# Punky likes her new cat bed



## Padunk (Oct 20, 2003)




----------



## limyer (Nov 19, 2004)

Punky is a super looking cat! I love the bed! Can you tell us the dimensions, where you purchased etc. I haven't seen any like that in this part of the world.


----------



## Padunk (Oct 20, 2003)

The bed was a great find! It's super soft, almost fleece like. I bought it at Meijer which is a store very much like Wal-Mart except it's only in the Midwest right now. It's 19x19 inches, machine washable, and regular price was $8.99. (I also think it's supposed to be a dog bed. :wink: ) The tag says it's made by a company called "40 winks designs" but I couldn't find anything on the net about them.


----------



## coaster (Dec 1, 2004)

Wow -- that's PLUSH!! The bed, I mean......well, OK, the cat, too!!


----------



## jonsgirl (Nov 7, 2003)

Awww Punky sleeps so cute! I love when they do that.


----------



## The Cat's Pyjamas (Feb 15, 2005)

Padunk said:


> It's 19x19 inches, machine washable, and regular price was $8.99. (I also think it's supposed to be a dog bed. :wink: )


CUTE PIC!!  

I just bought a bed for my guys that is supposed to be a dog bed. My cats' arses are too big for most cat beds! :lol:


----------



## DesnBaby (Apr 18, 2004)

She is hiding from you, ha, ha, ha! :lol:


----------



## Ashdyre (Oct 4, 2004)

my cat never likes his beds... he either sleeps in mine, or on top of the couch.


----------



## kitkat (Sep 22, 2003)

That's cute how she's sleeping. I like the bed too


----------



## Tonkmom64 (Oct 2, 2004)

Punky looks so comfy!

I think I saw that bed in a magazine........Drs. Foster & Smith? 

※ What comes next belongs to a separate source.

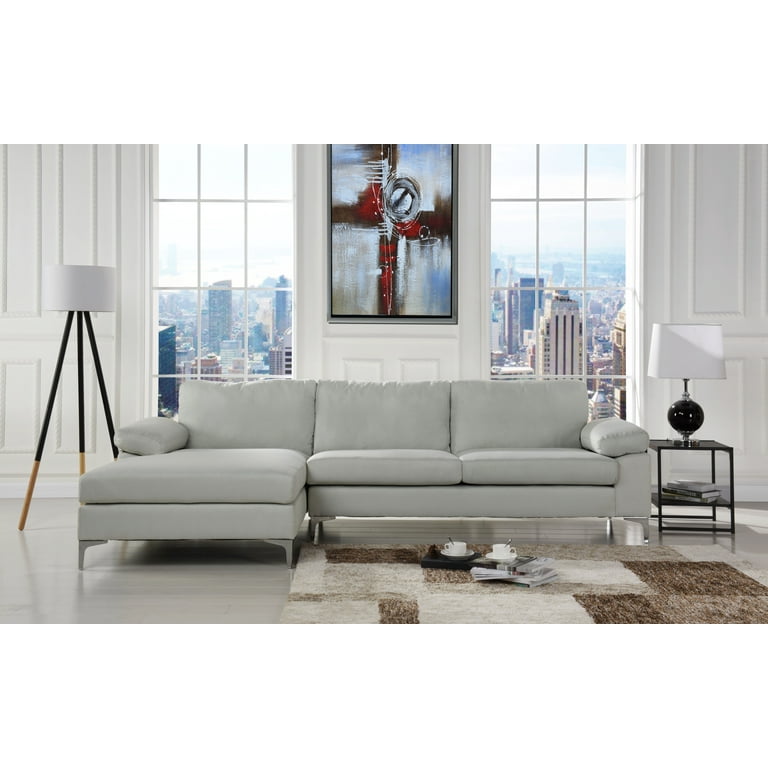 Sofamania modern large linen fabric sectional sofa extra wide chaise deals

Her fur is so shiny. What's her beauty secret?


----------



## Argent (Feb 15, 2005)

I've seen those at PetSmart as well....perhaps I should get one for Milan (although she likes my queen bed and my lay-z-boy recliner)


----------



## Padunk (Oct 20, 2003)

Tonkmom64 said:


> Punky looks so comfy!
> 
> I think I saw that bed in a magazine........Drs. Foster & Smith?
> 
> Her fur is so shiny. What's her beauty secret?

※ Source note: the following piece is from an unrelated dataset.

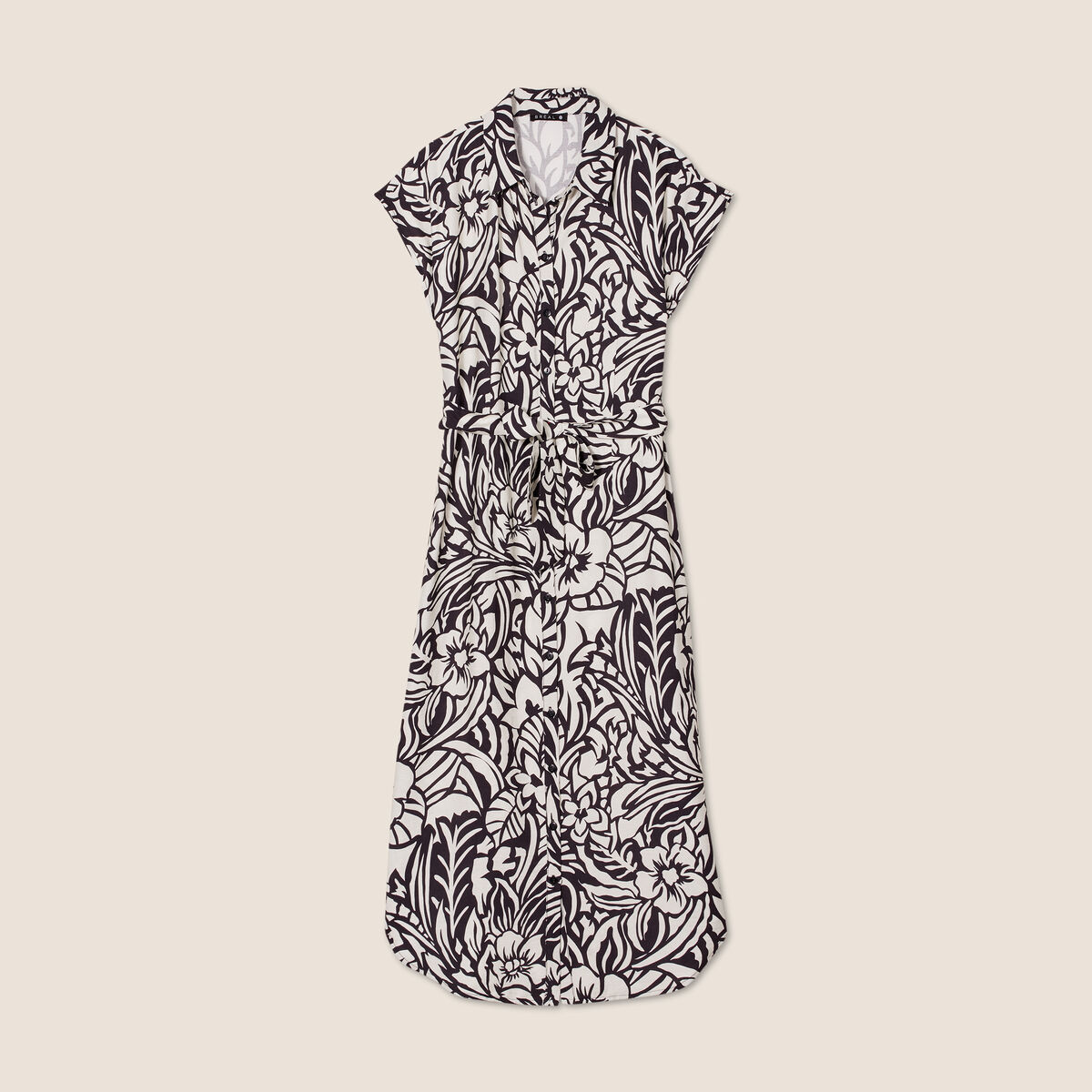 Robe chemise midi ceinturée noir femme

Bingo! Here it is on the Drs. Foster and Smith web site.

Punky's beauty secrets are just that... secrets. :wink:


----------



## jessamica8 (Aug 17, 2004)

Nice bed - cute cat, too!


----------



## LoveMyKitties (Nov 12, 2004)

Malcolm and Ophie are jealous!!

Punky looks so sweet, all nice and snuggly!


----------